* [What you have to do]
Of the material below, only the lines from the line containing "Jharkhand JSSC ANM" down to the line containing "腾讯视频回应庆余年超前点播争议：我们不够体贴" belong in the answer, written out exactly.

* [Source material]
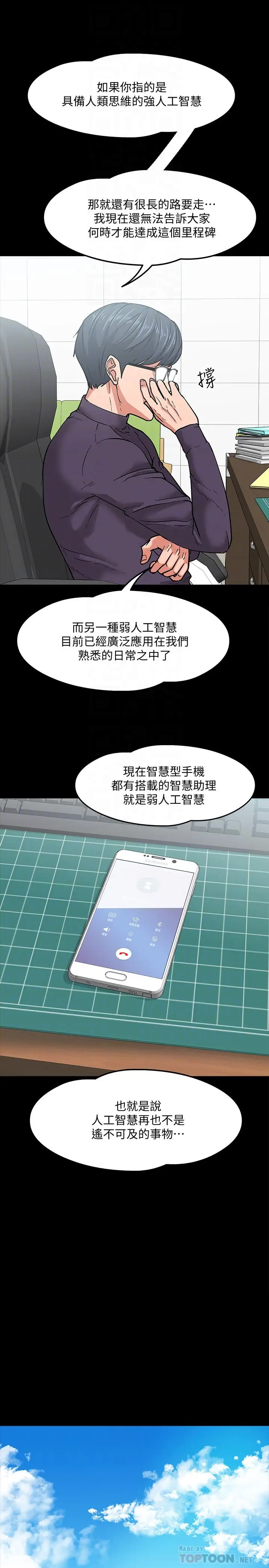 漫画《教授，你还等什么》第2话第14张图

--

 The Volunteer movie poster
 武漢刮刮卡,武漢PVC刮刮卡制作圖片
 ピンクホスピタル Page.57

* * *

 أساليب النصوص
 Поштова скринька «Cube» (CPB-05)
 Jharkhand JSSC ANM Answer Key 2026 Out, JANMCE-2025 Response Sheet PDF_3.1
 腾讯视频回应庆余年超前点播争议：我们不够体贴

* [Exercise result]
 Jharkhand JSSC ANM Answer Key 2026 Out, JANMCE-2025 Response Sheet PDF_3.1
 腾讯视频回应庆余年超前点播争议：我们不够体贴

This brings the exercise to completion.